Ángela Suárez, investigadora postdoctoral del Área de Ciencia Política, publica el capítulo “Territorial Stress in Morocco: From Democratic to Autonomist  Demands in Popular Protests in the Rif” en el libro Arab Spring and Peripheries. A Decentring Research Agenda, editado por Daniela Huber y Lorenzo Kamel y publicado por Routledge.

 

“The emerging literature on the so-called ‘Arab Spring’ has largely focused on the evolution of the uprisings in cities and power centres. In order to reach a more diversified and inner understanding of the ‘Arab Spring’, this book examines how peripheries have reacted and contributed to the historical dynamics at work in the Middle East and North Africa.

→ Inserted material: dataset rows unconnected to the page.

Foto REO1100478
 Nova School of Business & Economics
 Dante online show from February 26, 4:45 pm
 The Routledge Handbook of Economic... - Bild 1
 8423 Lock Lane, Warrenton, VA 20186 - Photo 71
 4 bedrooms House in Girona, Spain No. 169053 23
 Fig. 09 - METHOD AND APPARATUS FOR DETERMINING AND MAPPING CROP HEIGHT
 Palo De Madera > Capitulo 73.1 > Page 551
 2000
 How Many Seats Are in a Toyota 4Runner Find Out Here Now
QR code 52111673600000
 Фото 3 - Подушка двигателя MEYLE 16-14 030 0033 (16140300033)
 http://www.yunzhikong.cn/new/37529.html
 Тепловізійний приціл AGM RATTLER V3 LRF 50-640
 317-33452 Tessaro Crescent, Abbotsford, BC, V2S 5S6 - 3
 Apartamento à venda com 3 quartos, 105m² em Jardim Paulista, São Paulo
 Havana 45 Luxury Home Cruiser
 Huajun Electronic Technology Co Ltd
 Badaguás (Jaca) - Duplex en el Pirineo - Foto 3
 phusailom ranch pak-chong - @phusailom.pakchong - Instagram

It rejects the idea that the ‘Arab Spring’ is a unitary process and shows that it consists of diverse Springs that differed in terms of opportunity structure, strategies of a variance of actors and outcomes. This book looks at geographical, religious, gender and ethnical peripheries, conceptualizing periphery as a dynamic structure that can expand and contract. It shows that the seeds for changing the face of politics and polities are within peripheries themselves. Focusing on the voices of peripheries can therefore be a powerful tool to ‘de-simplify’ the reading of the Arab Spring and to reshape the paradigmatic schemes through which to look at this part of the world.”